» **WHAT YOU ARE ASKED TO DO**:
Please reproduce the following records exactly, with nothing omitted.

(Brief descriptive captions)
Content starts
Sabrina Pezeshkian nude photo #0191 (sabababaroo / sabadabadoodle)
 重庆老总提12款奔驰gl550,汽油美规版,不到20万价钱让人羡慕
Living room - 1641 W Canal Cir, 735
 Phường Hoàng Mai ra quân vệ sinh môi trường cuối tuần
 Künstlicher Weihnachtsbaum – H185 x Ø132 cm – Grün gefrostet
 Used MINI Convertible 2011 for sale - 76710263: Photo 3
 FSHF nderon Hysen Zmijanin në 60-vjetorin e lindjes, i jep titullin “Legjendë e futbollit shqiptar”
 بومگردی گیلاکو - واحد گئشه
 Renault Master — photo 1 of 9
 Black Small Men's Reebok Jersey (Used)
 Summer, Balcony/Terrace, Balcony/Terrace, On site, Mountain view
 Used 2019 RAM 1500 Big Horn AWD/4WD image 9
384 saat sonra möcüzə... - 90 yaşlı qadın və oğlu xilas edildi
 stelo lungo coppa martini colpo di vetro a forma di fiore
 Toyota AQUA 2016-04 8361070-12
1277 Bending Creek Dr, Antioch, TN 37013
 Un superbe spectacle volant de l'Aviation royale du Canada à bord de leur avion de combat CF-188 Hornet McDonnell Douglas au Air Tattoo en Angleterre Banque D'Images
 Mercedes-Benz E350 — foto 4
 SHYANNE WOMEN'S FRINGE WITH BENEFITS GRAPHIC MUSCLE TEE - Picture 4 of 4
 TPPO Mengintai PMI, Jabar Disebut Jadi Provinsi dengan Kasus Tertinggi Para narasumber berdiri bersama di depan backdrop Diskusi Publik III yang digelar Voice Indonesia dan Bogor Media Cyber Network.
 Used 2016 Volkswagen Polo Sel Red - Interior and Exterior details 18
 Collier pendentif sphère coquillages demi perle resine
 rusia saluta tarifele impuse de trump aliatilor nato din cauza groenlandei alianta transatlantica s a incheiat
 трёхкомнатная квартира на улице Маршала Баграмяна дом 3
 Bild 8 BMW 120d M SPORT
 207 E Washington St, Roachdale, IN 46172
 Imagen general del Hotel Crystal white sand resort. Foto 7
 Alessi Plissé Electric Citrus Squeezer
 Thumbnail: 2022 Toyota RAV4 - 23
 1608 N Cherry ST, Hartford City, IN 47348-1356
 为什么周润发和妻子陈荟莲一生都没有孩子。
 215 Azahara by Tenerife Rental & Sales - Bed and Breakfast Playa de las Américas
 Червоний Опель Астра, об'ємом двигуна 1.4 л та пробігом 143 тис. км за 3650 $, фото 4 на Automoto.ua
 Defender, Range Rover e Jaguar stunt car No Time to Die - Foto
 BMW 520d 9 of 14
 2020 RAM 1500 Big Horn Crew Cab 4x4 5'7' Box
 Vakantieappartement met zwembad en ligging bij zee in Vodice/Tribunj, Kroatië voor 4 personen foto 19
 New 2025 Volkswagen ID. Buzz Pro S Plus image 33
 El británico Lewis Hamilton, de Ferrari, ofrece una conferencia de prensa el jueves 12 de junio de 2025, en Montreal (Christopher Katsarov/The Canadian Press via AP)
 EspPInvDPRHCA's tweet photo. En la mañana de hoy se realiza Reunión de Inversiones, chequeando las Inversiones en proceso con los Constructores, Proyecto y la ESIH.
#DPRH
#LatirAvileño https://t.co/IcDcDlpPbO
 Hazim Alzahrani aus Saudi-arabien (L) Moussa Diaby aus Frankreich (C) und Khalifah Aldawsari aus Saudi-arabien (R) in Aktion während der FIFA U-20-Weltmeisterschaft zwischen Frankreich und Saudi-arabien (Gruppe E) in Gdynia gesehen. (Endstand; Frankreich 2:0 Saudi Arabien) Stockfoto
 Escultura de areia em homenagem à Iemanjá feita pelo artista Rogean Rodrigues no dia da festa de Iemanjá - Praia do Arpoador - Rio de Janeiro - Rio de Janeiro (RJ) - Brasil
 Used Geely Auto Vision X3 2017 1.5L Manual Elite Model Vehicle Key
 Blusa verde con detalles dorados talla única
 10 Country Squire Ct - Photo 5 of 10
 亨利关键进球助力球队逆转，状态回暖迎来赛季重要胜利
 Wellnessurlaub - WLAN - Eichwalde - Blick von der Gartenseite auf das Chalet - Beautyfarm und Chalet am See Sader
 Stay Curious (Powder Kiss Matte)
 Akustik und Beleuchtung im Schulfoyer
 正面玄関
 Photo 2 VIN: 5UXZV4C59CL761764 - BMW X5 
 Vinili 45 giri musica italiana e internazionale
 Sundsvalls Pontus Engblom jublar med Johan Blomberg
Content ends
» **RESPONSE TO THE TASK**:
Sabrina Pezeshkian nude photo #0191 (sabababaroo / sabadabadoodle)
 重庆老总提12款奔驰gl550,汽油美规版,不到20万价钱让人羡慕
Living room - 1641 W Canal Cir, 735
 Phường Hoàng Mai ra quân vệ sinh môi trường cuối tuần
 Künstlicher Weihnachtsbaum – H185 x Ø132 cm – Grün gefrostet
 Used MINI Convertible 2011 for sale - 76710263: Photo 3
 FSHF nderon Hysen Zmijanin në 60-vjetorin e lindjes, i jep titullin “Legjendë e futbollit shqiptar”
 بومگردی گیلاکو - واحد گئشه
 Renault Master — photo 1 of 9
 Black Small Men's Reebok Jersey (Used)
 Summer, Balcony/Terrace, Balcony/Terrace, On site, Mountain view
 Used 2019 RAM 1500 Big Horn AWD/4WD image 9
384 saat sonra möcüzə... - 90 yaşlı qadın və oğlu xilas edildi
 stelo lungo coppa martini colpo di vetro a forma di fiore
 Toyota AQUA 2016-04 8361070-12
1277 Bending Creek Dr, Antioch, TN 37013
 Un superbe spectacle volant de l'Aviation royale du Canada à bord de leur avion de combat CF-188 Hornet McDonnell Douglas au Air Tattoo en Angleterre Banque D'Images
 Mercedes-Benz E350 — foto 4
 SHYANNE WOMEN'S FRINGE WITH BENEFITS GRAPHIC MUSCLE TEE - Picture 4 of 4
 TPPO Mengintai PMI, Jabar Disebut Jadi Provinsi dengan Kasus Tertinggi Para narasumber berdiri bersama di depan backdrop Diskusi Publik III yang digelar Voice Indonesia dan Bogor Media Cyber Network.
 Used 2016 Volkswagen Polo Sel Red - Interior and Exterior details 18
 Collier pendentif sphère coquillages demi perle resine
 rusia saluta tarifele impuse de trump aliatilor nato din cauza groenlandei alianta transatlantica s a incheiat
 трёхкомнатная квартира на улице Маршала Баграмяна дом 3
 Bild 8 BMW 120d M SPORT
 207 E Washington St, Roachdale, IN 46172
 Imagen general del Hotel Crystal white sand resort. Foto 7
 Alessi Plissé Electric Citrus Squeezer
 Thumbnail: 2022 Toyota RAV4 - 23
 1608 N Cherry ST, Hartford City, IN 47348-1356
 为什么周润发和妻子陈荟莲一生都没有孩子。
 215 Azahara by Tenerife Rental & Sales - Bed and Breakfast Playa de las Américas
 Червоний Опель Астра, об'ємом двигуна 1.4 л та пробігом 143 тис. км за 3650 $, фото 4 на Automoto.ua
 Defender, Range Rover e Jaguar stunt car No Time to Die - Foto
 BMW 520d 9 of 14
 2020 RAM 1500 Big Horn Crew Cab 4x4 5'7' Box
 Vakantieappartement met zwembad en ligging bij zee in Vodice/Tribunj, Kroatië voor 4 personen foto 19
 New 2025 Volkswagen ID. Buzz Pro S Plus image 33
 El británico Lewis Hamilton, de Ferrari, ofrece una conferencia de prensa el jueves 12 de junio de 2025, en Montreal (Christopher Katsarov/The Canadian Press via AP)
 EspPInvDPRHCA's tweet photo. En la mañana de hoy se realiza Reunión de Inversiones, chequeando las Inversiones en proceso con los Constructores, Proyecto y la ESIH.
#DPRH
#LatirAvileño https://t.co/IcDcDlpPbO
 Hazim Alzahrani aus Saudi-arabien (L) Moussa Diaby aus Frankreich (C) und Khalifah Aldawsari aus Saudi-arabien (R) in Aktion während der FIFA U-20-Weltmeisterschaft zwischen Frankreich und Saudi-arabien (Gruppe E) in Gdynia gesehen. (Endstand; Frankreich 2:0 Saudi Arabien) Stockfoto
 Escultura de areia em homenagem à Iemanjá feita pelo artista Rogean Rodrigues no dia da festa de Iemanjá - Praia do Arpoador - Rio de Janeiro - Rio de Janeiro (RJ) - Brasil
 Used Geely Auto Vision X3 2017 1.5L Manual Elite Model Vehicle Key
 Blusa verde con detalles dorados talla única
 10 Country Squire Ct - Photo 5 of 10
 亨利关键进球助力球队逆转，状态回暖迎来赛季重要胜利
 Wellnessurlaub - WLAN - Eichwalde - Blick von der Gartenseite auf das Chalet - Beautyfarm und Chalet am See Sader
 Stay Curious (Powder Kiss Matte)
 Akustik und Beleuchtung im Schulfoyer
 正面玄関
 Photo 2 VIN: 5UXZV4C59CL761764 - BMW X5 
 Vinili 45 giri musica italiana e internazionale
 Sundsvalls Pontus Engblom jublar med Johan Blomberg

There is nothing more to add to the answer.